Example: 318 writes/sec × 86,400 sec × 500 bytes
= 13.7 GB/day = ~5 TB/year

// 5-year storage
Total = 5 TB/year × 5 = 25 TB
With replication (3x) = 75 TB
With overhead (1.3x) = ~100 TB

// Common object sizes
Tweet/Post:           250 bytes (text only)
User profile:         1 KB
Image metadata:       200 bytes
Thumbnail:            10 KB
Photo (compressed):   200 KB
Video (1 min, 720p):  50 MB
Log entry:            200 bytes

Bandwidth Estimation

// Bandwidth = QPS × avg size
Incoming (write): 318 QPS × 500 bytes = 159 KB/s = ~1.3 Mbps
Outgoing (read):  3,182 QPS × 2 KB = 6.4 MB/s = ~51 Mbps

// Image-heavy service
Image reads: 1,000 QPS × 200 KB = 200 MB/s = ~1.6 Gbps
(This is why CDNs are essential for media-heavy apps)
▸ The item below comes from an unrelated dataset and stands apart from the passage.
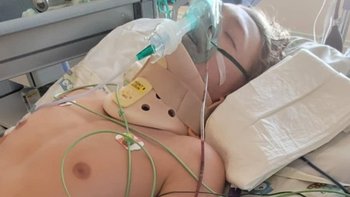 Zbiórka Skok, który odebrał marzenia - miniaturka zdjęcia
// Network capacity reference
1 Gbps link ≈ 125 MB/s throughput (actual ~80-100 MB/s)
10 Gbps link ≈ 1 GB/s throughput

Cache Estimation

// Pareto principle: 20% of data = 80% of requests
Cache size = daily_read_requests × 0.2 × avg_response_size

Example:
Daily reads = 3,182 QPS × 86,400 = 275M requests/day
Cache size = 275M × 0.2 × 2 KB = ~110 GB

// Redis instance sizing
Single Redis node: up to 25 GB comfortably (64 GB max practical)
For 110 GB: 5 Redis nodes (sharded or Redis Cluster)

// Cache hit rate targets
Good:      > 90%
Excellent: > 95%
If < 80%:  Review cache key strategy and TTL

Scaling Patterns

Read Replicas

Pattern How It Works Scaling Limit
Primary-Replica Writes go to primary; reads distributed across replicas ~5-10 replicas before replication lag becomes an issue
Connection Pooling Reuse database connections (PgBouncer, ProxySQL) 10x more concurrent users per DB instance
Read-through Cache Cache serves reads; DB only on cache miss 90%+ read reduction on database

Database Sharding

When a single database cannot handle the write load, partition data across multiple databases. See our Database Cheatsheet for sharding strategies.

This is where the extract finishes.